What you are asked to do - All records must be quoted exactly. Omit the pictures.

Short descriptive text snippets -
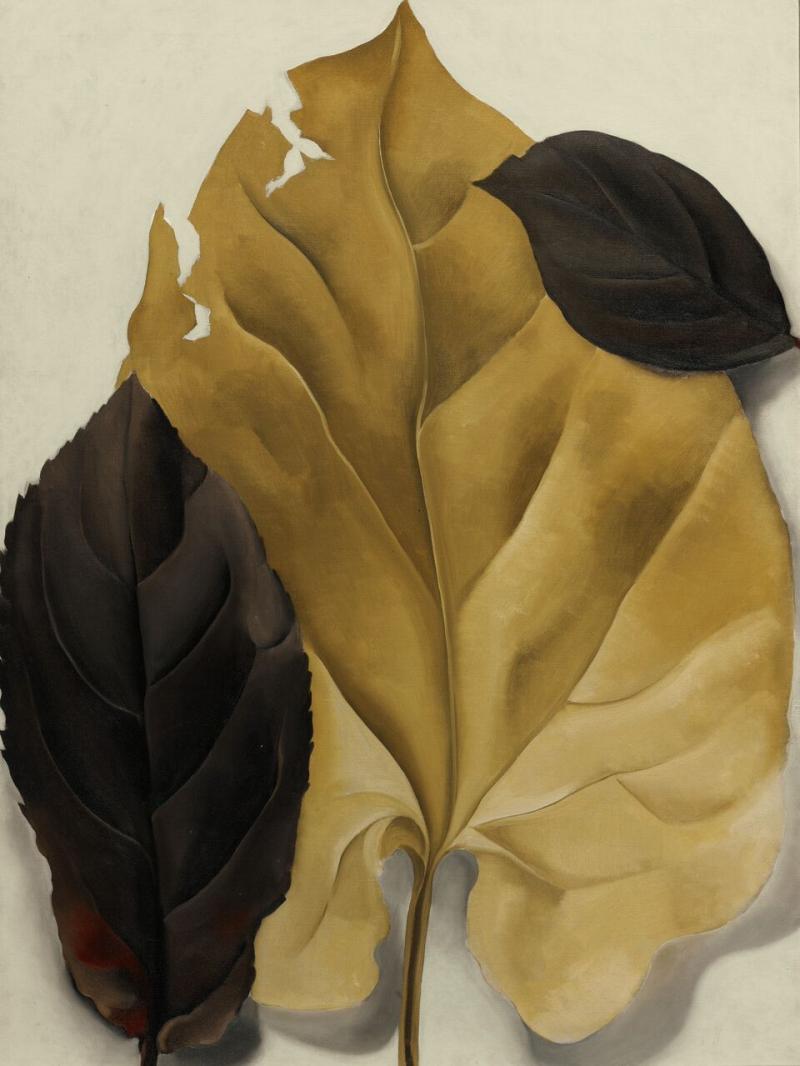 9626 Georgia O'Keeffe, Brown and Tan Leaves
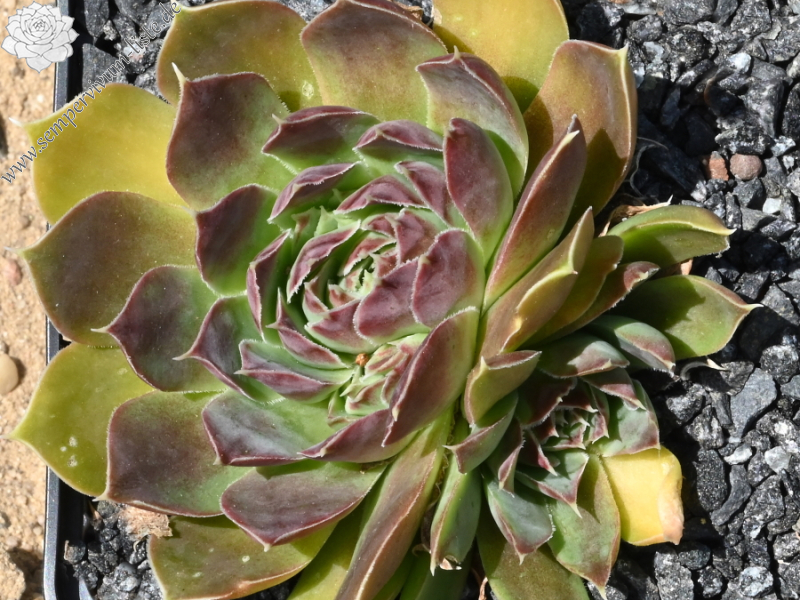 Korspel Wine Cup / Jovi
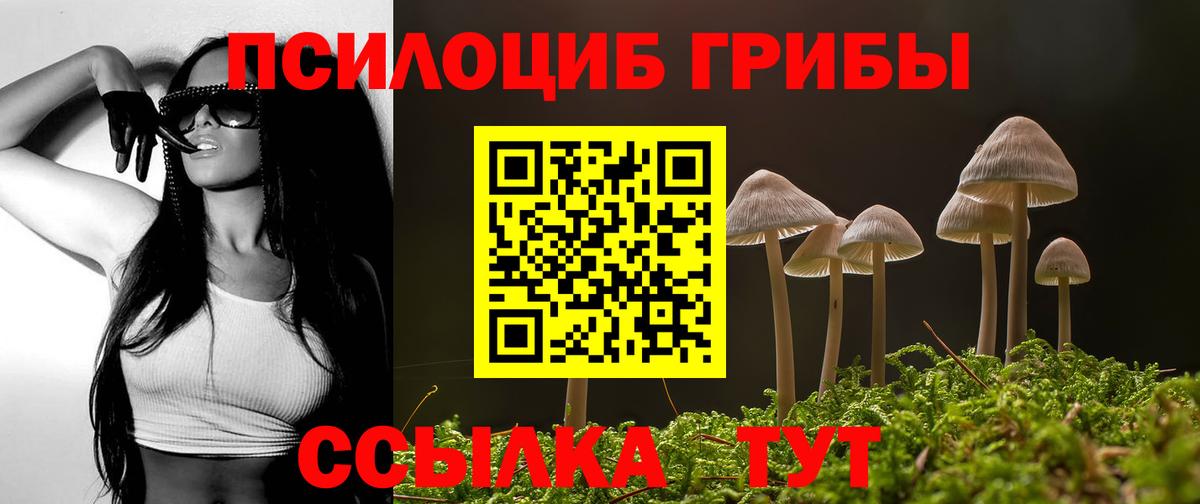 Псилоцибиновые грибы Psilocybine cubensis Пыть-Ях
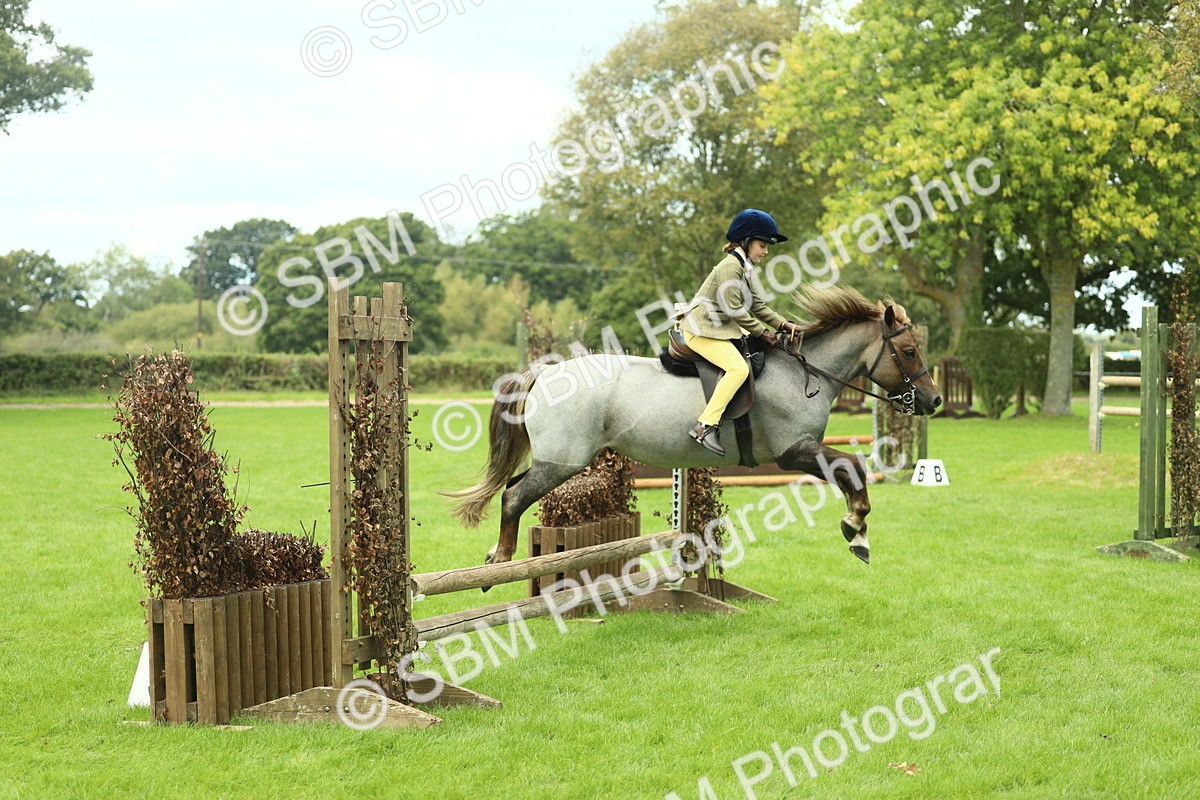 SBM_42778 - S30 - M&M Working hunter Pony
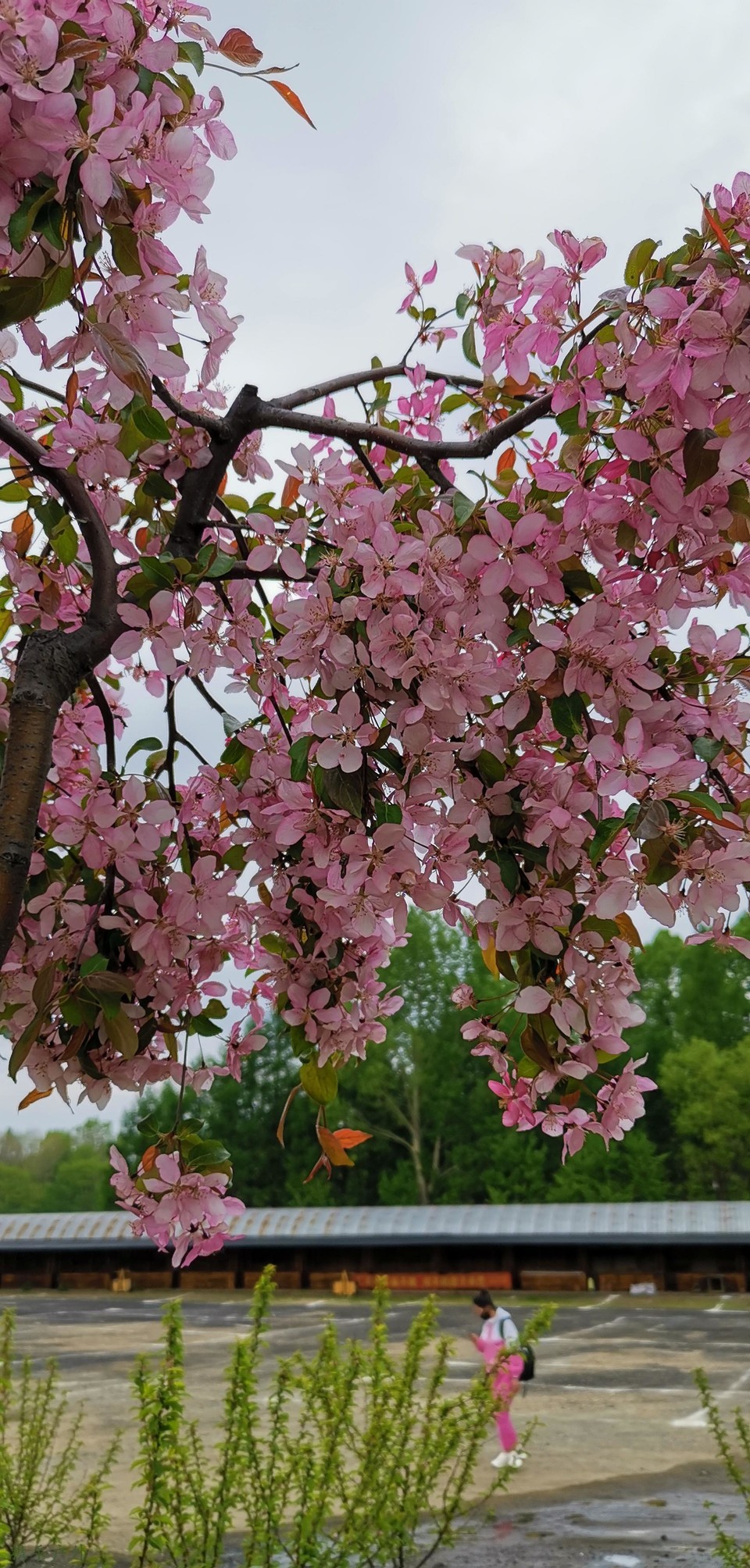 qM4NcSTO3rUAL6QPx8adetc3sfnu0UQYQfhSWMAG_zvoT_CJVA9w-5NiIjm64g6A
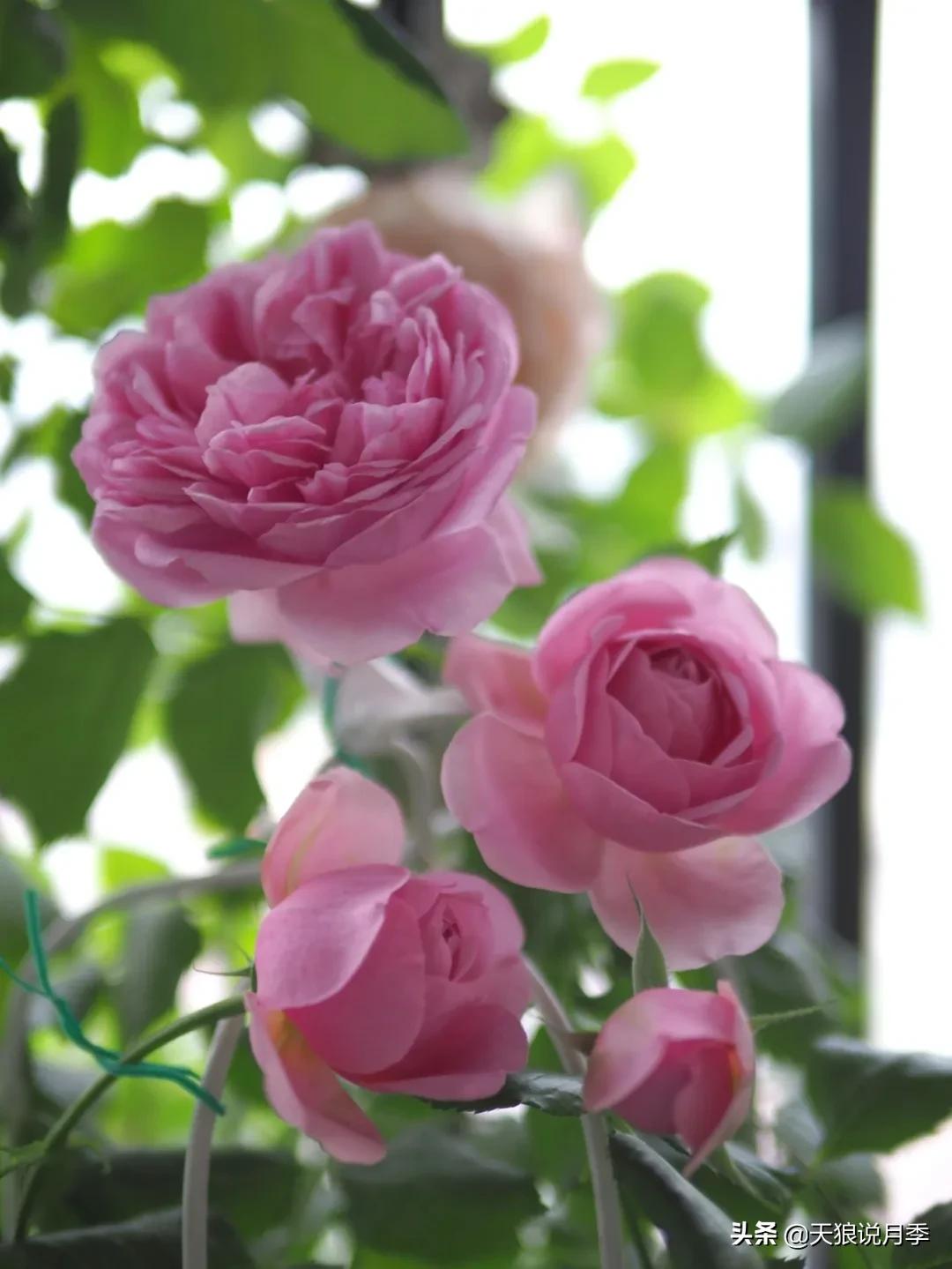 月季春季第一波花要不要剪,月季春季第一波花开后嫁接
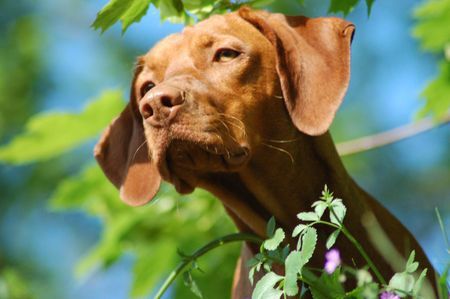 Kurzhaariger Ungarischer Vorstehhund örny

Exercise result -
 9626 Georgia O'Keeffe, Brown and Tan Leaves
 Korspel Wine Cup / Jovi
 Псилоцибиновые грибы Psilocybine cubensis Пыть-Ях
 SBM_42778 - S30 - M&M Working hunter Pony
 qM4NcSTO3rUAL6QPx8adetc3sfnu0UQYQfhSWMAG_zvoT_CJVA9w-5NiIjm64g6A
 月季春季第一波花要不要剪,月季春季第一波花开后嫁接
 Kurzhaariger Ungarischer Vorstehhund örny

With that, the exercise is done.